Oaxacans want the right not to migrate

OAXACA DE JUAREZ, Mexico – For six weeks hundreds of teachers in the southern Mexico state of Oaxaca have been living in tents, in the capital city’s main plaza, the zocalo. Bonifacio Garcia, one of the protestors, declares, “We will stay here until the state Chamber of Deputies agrees that our education reform will move forward in all our schools.” 
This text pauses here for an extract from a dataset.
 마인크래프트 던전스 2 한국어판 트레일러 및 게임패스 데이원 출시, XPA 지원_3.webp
Each week teachers from one of Oaxaca’s regions take a turn at sleeping in the tents.  This is the week for the schools on the coast, including the communities of people whose ancestors were slaves.  Garcia comes from Santiago Tapextla, near Pinotepa Nacional, where most people trace part of their ancestry back to Africa. 
 
On the coast, family trees are very mixed.  Most also reveal other ancestors among the indigenous people who were here long before the Spanish conquerors arrived.  “Spaniards brought slaves with them from the Caribbean and Africa,” Garcia explains. “After Mexico outlawed slavery in 1821 we became an autonomous community.  But in Mexico African people aren’t considered an original people, the way indigenous people are.  We’re still not really recognized, so we have to fight for our rights.”  
 
Garcia is principal of a “telesecondaria” — a secondary school in a remote area where part of the instruction is given through a national televised curriculum.  While he uses that TV program, he and his fellow teachers reject most of the other reforms Mexico’s national government has attempted to impose.  Oaxacan teachers and their union, Section 22 of the National Union of Education Workers, say the Federal education reforms rely too heavily on standardized testing, and punish teachers for the low scores of their students. 
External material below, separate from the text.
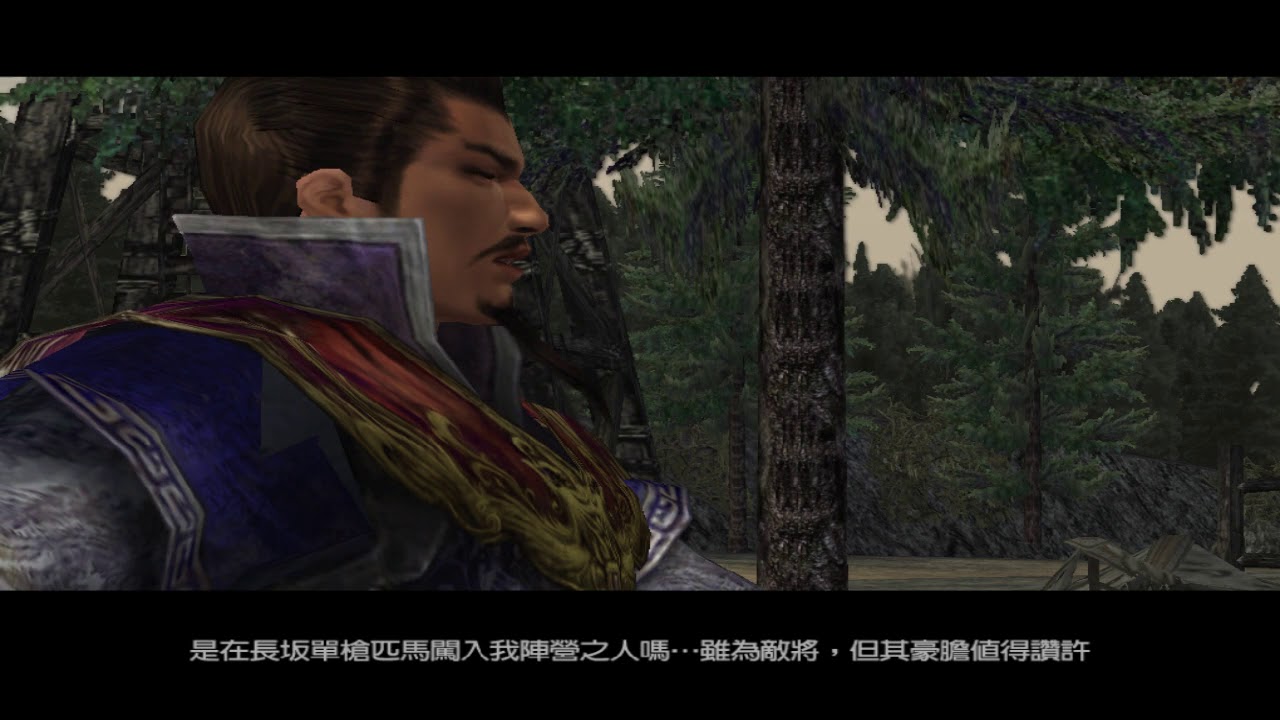 真三国无双4特殊剧情动画汉水之战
Instead, Section 22 formulated its own education reform plan five years ago, the Program to Transform Education in Oaxaca (PTEO).  It seeks to develop an intensely cooperative relationship between teachers, students, parents and the surrounding community. Lulu, a young preschool teacher from Huatulco, further south along the coast, says, “I have a much closer relationship now to the parents of my children than we did before.”
 
For Garcia, the central purpose of PTEO is to help students get a better education, especially those in rural areas who speak pre-Hispanic languages like Mixteco, Zapoteco or Triqui — Oaxacans speak 23 indigenous tongues.  But education, he believes, should also provide an alternative to the out-migration that is devastating small farming communities. 
 
“I know the cost of migration very well, ” he says.  “I lived for four years in Elgin, Illinois, working for an organization there that helped immigrants understand their rights.  So I know how hard life can be in the north.  Migration also hollows out our communities here.  If we want young people to stay, we have to have an alternative that is attractive to them.  That starts with education.  That’s why our program to change the schools is so important, and why we’re willing to sit here in the zocalo until the government agrees.”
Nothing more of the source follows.